Amado Nervo no integró una galería de retratos, pero sí dejó algunas impresiones que, me parece, nos dan una imagen diferente a la que encontramos en las estampitas escolares o los libros de texto. Nos entrega el lado humano, vulnerable o heroico, vivaz o taciturno de ellos; sean extranjeros o nacionales. De Manuel Gutiérrez Nájera no es mucho lo que escribió, ya que fue de los primeros poetas que conoció recién llegado a la capital: “Nada me dijo su figura inexpresiva y hosca; sus ojos minervinos, un poco saltones, nada me dijeron, y sólo el prestigio que de su personalidad literaria emanaba, y que era firme y poderoso, pudo hacer que una desilusión inmediata no sustituyera el culto ingenuo y apasionado que mi alma le tenía.”

Posteriormente lo vio en la redacción de El Universal, o de El Partido Liberal, donde se reunían con frecuencia Bulnes, Díaz Dufoo, Rabasa, Gutiértrez Nájera, Urbina y otros, a contar chistes e intercambiar chismes: Ahí: “Gutiérrez Nájera tartamudeaba los suyos [chistes] con una gracia peculiar” frente a la fluidez y gracejo de otros. Menciona que en sólo tres ocasiones cruzó palabra con él, lo cual no menoscabó su admiración.

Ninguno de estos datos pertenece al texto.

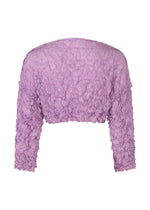 The MERINGUE TOP by me ISSEY MIYAKE is a light purple cropped top with long sleeves and a distinctive crushed pleat texture, shown against a white background.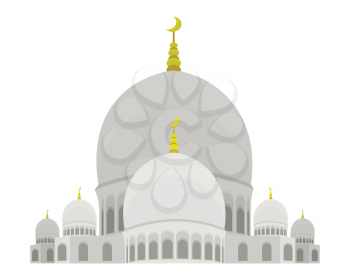Illustration of the Grand Mosque of Sheikh Zayed. Muslim Mosque. United Arab Emirates sacred building, cultural monument. Isolated object in flat design on white background. Vector illustration.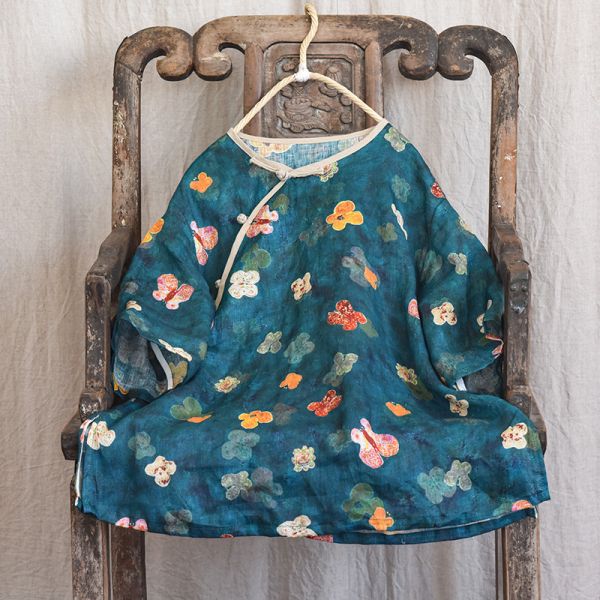 燕燕~ 亞麻  復古數碼印花上衣 斜襟盤扣中式短袖襯衫  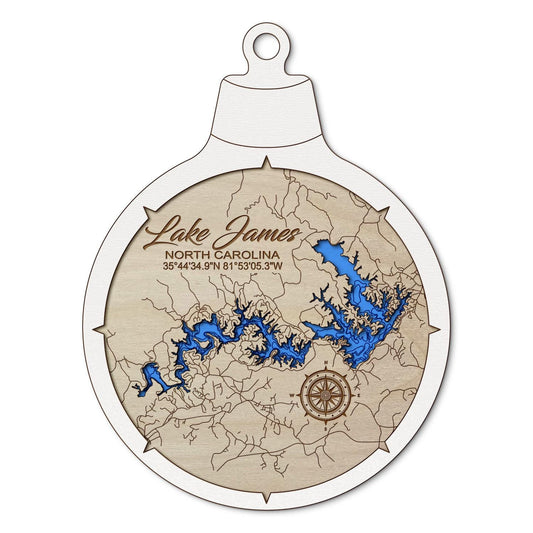 Lake James, North Carolina Custom 3D Layered Wood Lake Map Ornament | Handcrafted Bathymetric Art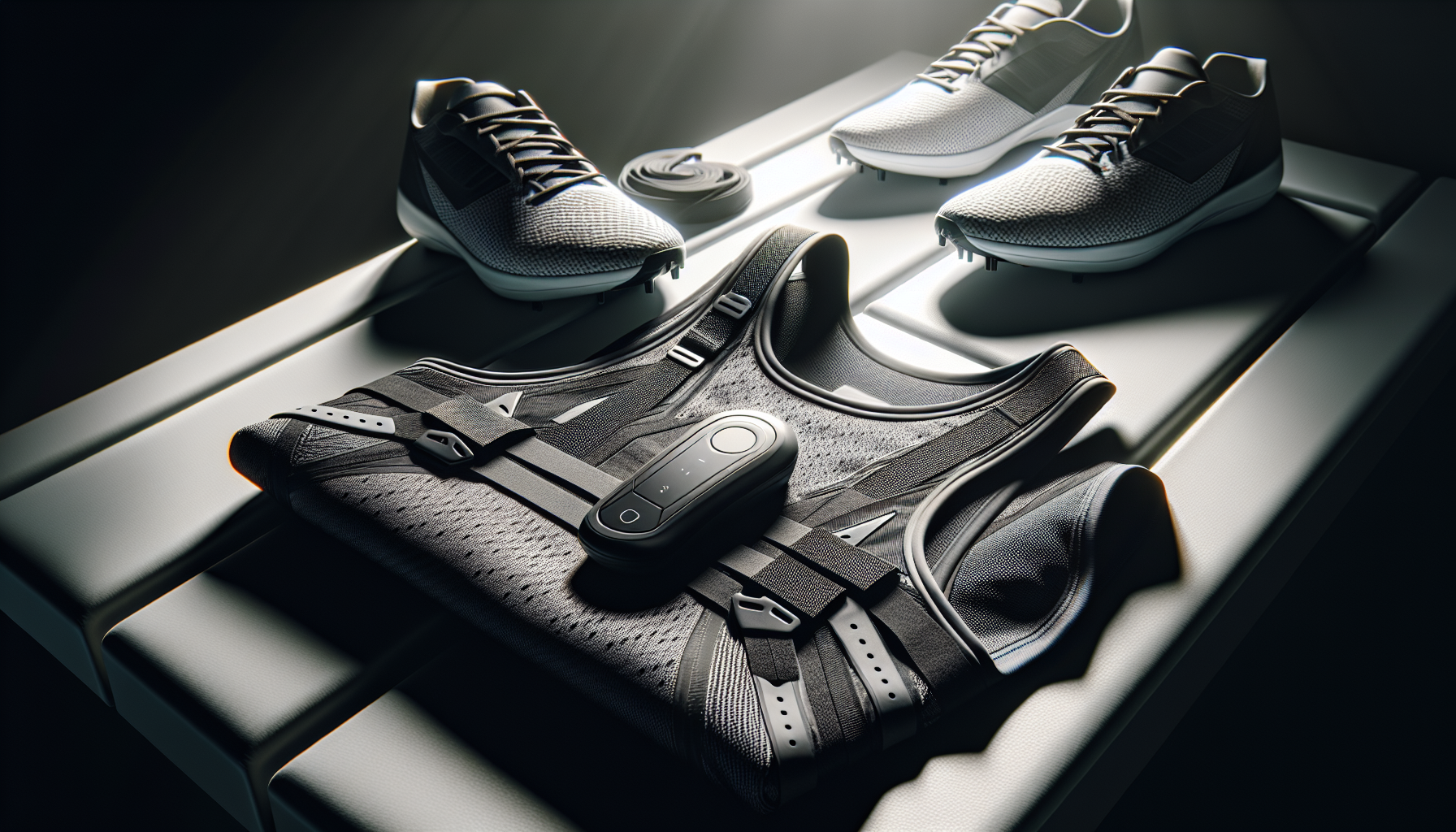 GPS tracking vest used in football data analytics laid on a changing room bench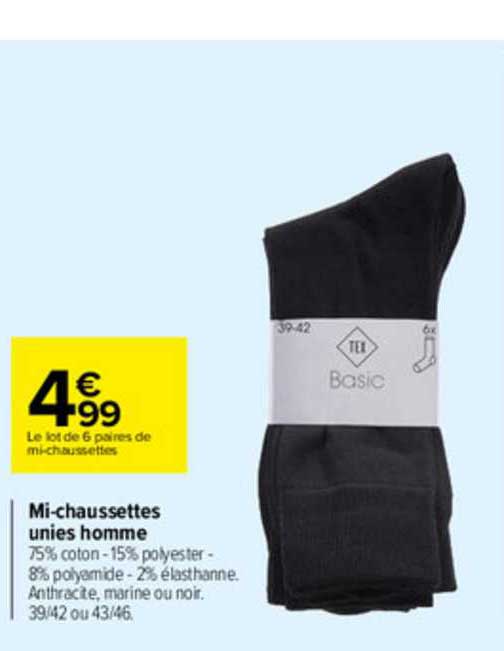 Mi-chaussettes Unies Homme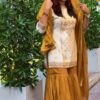 Mustard Natural Crep Lace Work Salwar Suit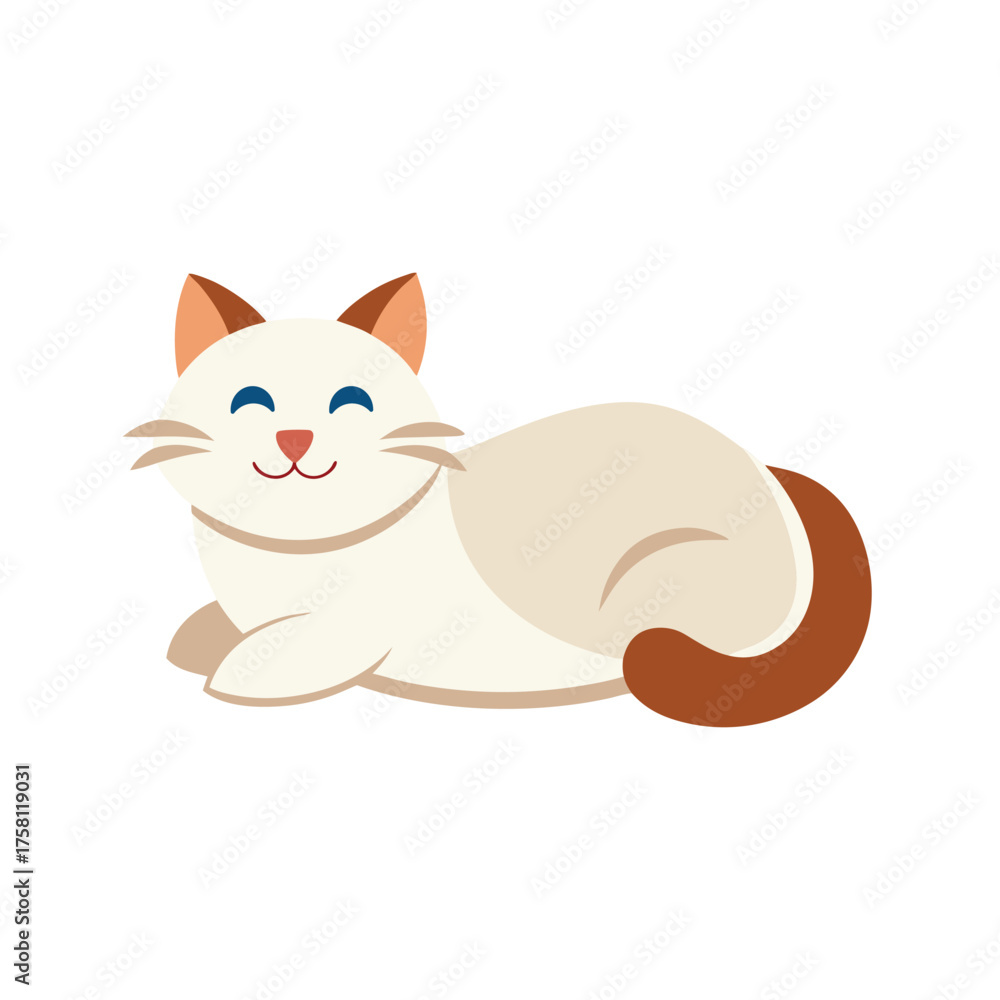 Fototapeta premium Calm ragdoll cat mascot logo lying down cute kitten vector design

El retrato de Rubén Darío, al que conoció en París, es magnífico: “Alto, robusto, inexpresivo; ojos obscuros, pequeños y vivos; nariz ancha, de alas sensualmente abiertas; barba y cabellos ligeramente rizados; manos de marqués. Parsimonioso y zurdo continente; hablar pausado y un sí es no, es tartamudeante, pero siempre ático y fino.” En seguida especifica que durante nueve meses convivieron dándose la gran vida, pero asienta que no siempre hubo tiempos buenos. Así, “la vida para él, llena de azares, no ha mermado sus quilates interiores. Es bueno. Es un niño –un niño egoísta o tierno, caprichoso o sereno–, celoso de sus cariños, susceptible como una violeta, capaz por esta misma susceptibilidad de comprender y sentir todos los matices de una palabra, de un gesto, de una actitud: un gran niño nervioso.”

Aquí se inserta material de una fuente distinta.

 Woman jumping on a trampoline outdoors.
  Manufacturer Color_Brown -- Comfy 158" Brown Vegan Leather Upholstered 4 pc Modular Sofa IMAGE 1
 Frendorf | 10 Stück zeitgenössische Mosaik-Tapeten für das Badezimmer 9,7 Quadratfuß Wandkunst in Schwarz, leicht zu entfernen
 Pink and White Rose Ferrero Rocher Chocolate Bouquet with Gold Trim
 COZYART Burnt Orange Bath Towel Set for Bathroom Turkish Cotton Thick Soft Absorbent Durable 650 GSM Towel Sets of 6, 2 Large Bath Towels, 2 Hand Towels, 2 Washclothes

Rafael Delgado, Federico Gamboa, Micrós (Ángel de Campo) y Díaz Dufoo son algunos de los autores nacionales que retrata, así como a los extranjeros Benito Pérez Galdós y Lepolodo Lugones, entre otros. Pero regresando a Darío, creo que vale mencionar que fue con él al Teatro del Pueblo, un jacalón miserable que califica como “Rincón Anarquista”, y en un rumbo bastante sórdido de París. La crónica que hace del lugar y de los oradores, escritores y artistas es espléndida; menciona que se representó una sátira de Octave Mirbeau en la que el autor participó como actor. “De ahí salimos medio sofocados, y Rubén Darío, que ha estado conmigo durante toda la velada, me dice:

–Yo soy anarquista, porque no puedo ser príncipe; pero mi anarquismo es otro. ¡Quiero la aristocracia del talento!

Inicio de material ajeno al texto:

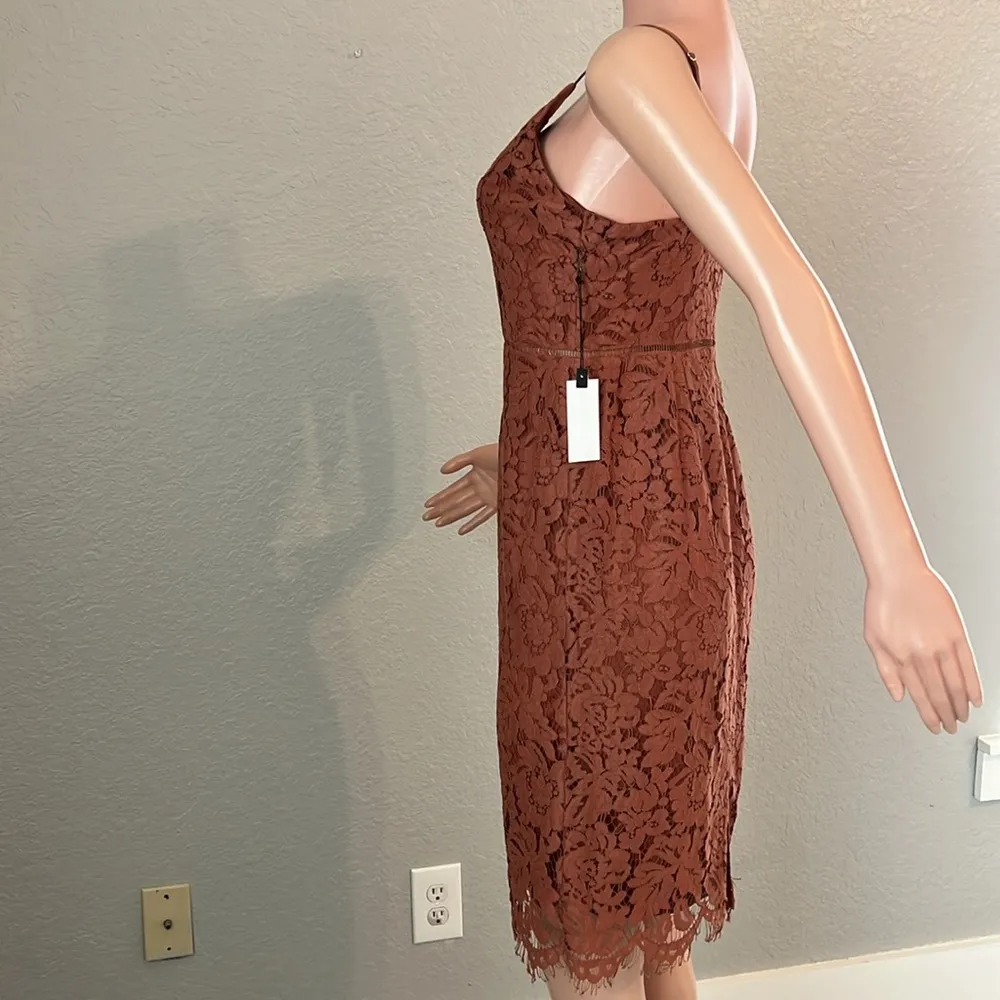 ASTR the Label BROWN Lattice Inset Lace V Neck Mini Dress NEW Sz MEDIUM NWT #139 - Image 10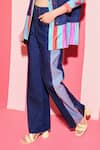 ANANYA AGRAWAL LABEL_Multi Color Pure Chanderi Silk Print Bar And Denim Panel Shacket With Trouser _Online_at_Aza_Fashions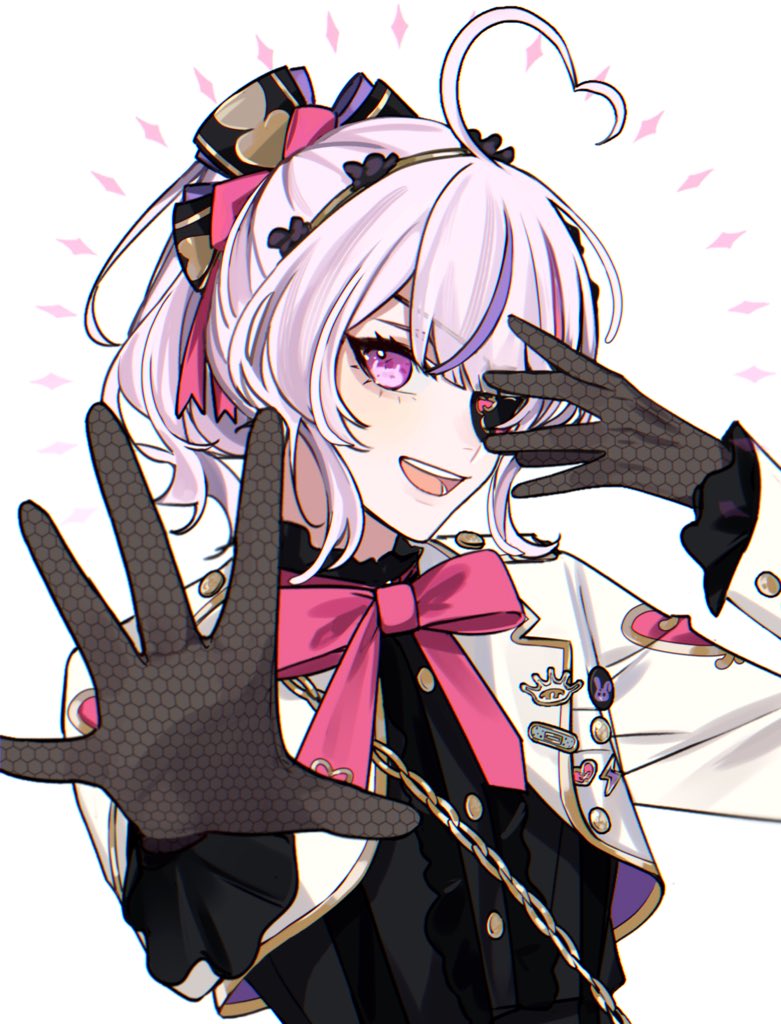 1girl, :d, ahoge, black_gloves, bow, chain, chuunibyou, cropped_jacket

–Del talento y del corazón –añado yo–. Dante y San Francisco de Asís; Víctor Hugo y San Vicente de Paul.

–¡Eso es, eso es! –replica el autor de Azul.”

Los retratos de Micrós, de Díaz Dufoo y Lugones son reveladores de personalidades muy diferentes a las que encontramos en libros de texto. Es lamentable que Nervo no haya realizado una verdadera galería de sus contemporáneos. Tal vez no lo hizo porque, aunque tuvo oportunidad de conocer y tratar a grandes poetas, los admiraba demasiado como para querer tratarles. Eso nos remite a su poema que termina: “...cerrando los ojos la dejé pasar”.